This week, Lucie Manette and Charles Darnay are united in marriage. Events happen surrounding this marriage that have left me wondering how long this relationship will actually last. Will Darnay have to leave Miss Manette because of his true identity, or will love surpass all other issues?
On the day of the wedding, Darnay and Doctor Manette are in the doctor’s room together. When the door is opened, Darnay emerges “deadly pale-which had not been the case when they went in together.” The look of death that overshadows Darnay symbolizes the fact that he told Doctor Manette his true identity. As stated earlier in the novel, Doctor Manette told Darnay to wait until the day of the wedding to reveal his identity because he didn’t really want to know the truth. After Darnay and Manette had the conversation about waiting until the wedding day to reveal Darnay’s true identity, Manette regressed psychologically and went back to making shoes. Similarly, after Darnay and Lucie were off on their honeymoon, Doctor Manette made shoes for the entirety of nine days and nine nights. The regression demonstrates how Doctor Manette’s mind has not fully healed the scars of his past; instead, he simply masks the pain with other problems, until he is reminded of his imprisonment.

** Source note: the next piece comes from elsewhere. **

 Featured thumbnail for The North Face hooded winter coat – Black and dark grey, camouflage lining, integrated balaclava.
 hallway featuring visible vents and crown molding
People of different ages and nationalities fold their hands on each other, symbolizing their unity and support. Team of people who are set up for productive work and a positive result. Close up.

When Doctor Manette returns to his normal self, Mr. Lorry questions him about someone who frequently goes back to the past in order to mask pain. Thinking that Mr. Lorry is speaking of just an ordinary friend, Manette tells him that, “I should hope that the worst is over” and there will be no more regressions. With more questioning, Lorry in a roundabout way convinces Manette that it would be best to take the “tools” used for the persons regression away. With Manette’s approval, Miss Pross and Mr. Lorry destroy all of Manette’s shoemaking tools and workbench.

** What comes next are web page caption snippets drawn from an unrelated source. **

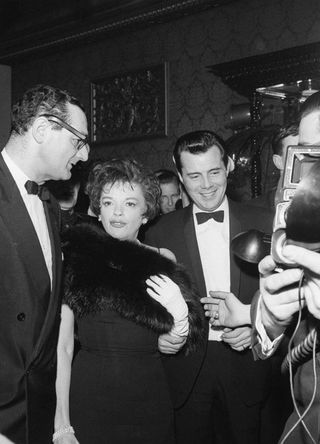 Actors Dirk Bogarde and Judy Garland at the premiere of the 1963 film I Could Go On Singing at the Plaza Theatre in London.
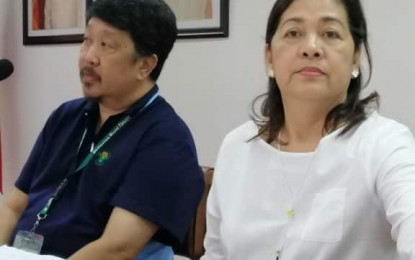 <p>Dr. Cerelyn Pinili, head of the Davao City Veterinarian’s Office (right).<em> (PNA file photo by Che Palicte)</em></p>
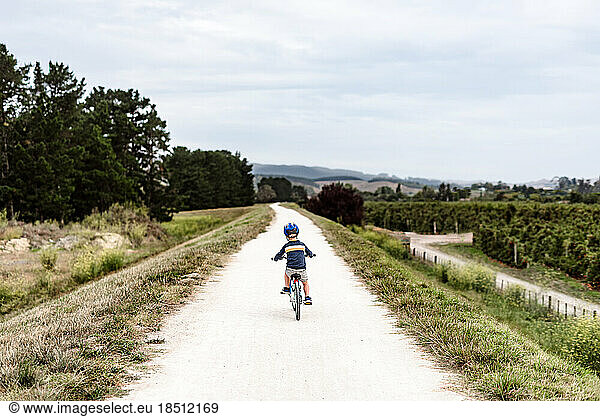 Young boy riding a bike on remote path in New Zealand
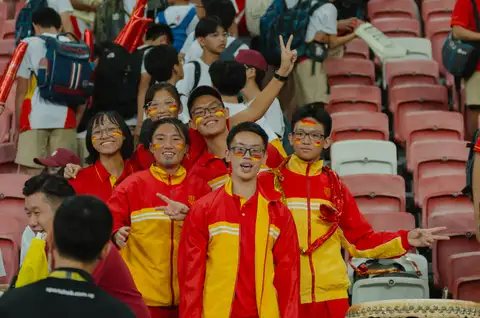 Six Hwa Chong students in red and yellow with painted faces smiling in the stadium stands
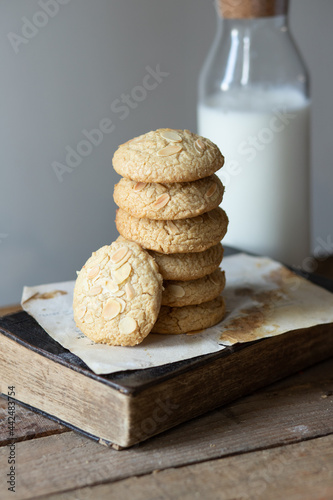 Tahini cookies on wooden table with old book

Just hours after Charles Darnay and Lucie return home from their honeymoon, Sydney Carton arrives at their house to bid them congratulations. While visiting, Carton takes an opportunity to talk to Darnay in private. Carton sincerely apologizes to Darnay for all that he had done while intoxicated the night of the trial. At the end of their conversation, Carton asks for permission to “come and go as a privileged here; that I might be regarded as a useless (and I would add, if it were not for the resemblance I detected between you and me, an unornamented) piece of furniture, tolerated for its old service, and taken no notice of.” Upon first reading this, I thought it was normal to ask permission to come over from time to time since Carton is trying to restore a ruined friendship. When I reread this part of the novel, I noticed the mention to the similarities in resemblance between Carton and Darnay. This makes me question if something will happen to Lucie that makes her fall in love with Carton over Darnay, since they are similar in looks. When Carton leaves, Lucie says to Darnay,
“I would ask you, dearest, to be very generous with him always, and very lenient on his faults when he is not by. I would ask you to believe that he has a heart he very, very seldom reveals, and that there are deep wound in it. My dear, I have seen it bleeding.”
With this statement by Lucie, and Carton’s statment in the earlier chapters that he would do anything for Lucie, makes me believe that at some point, the relationships between these three characters will change.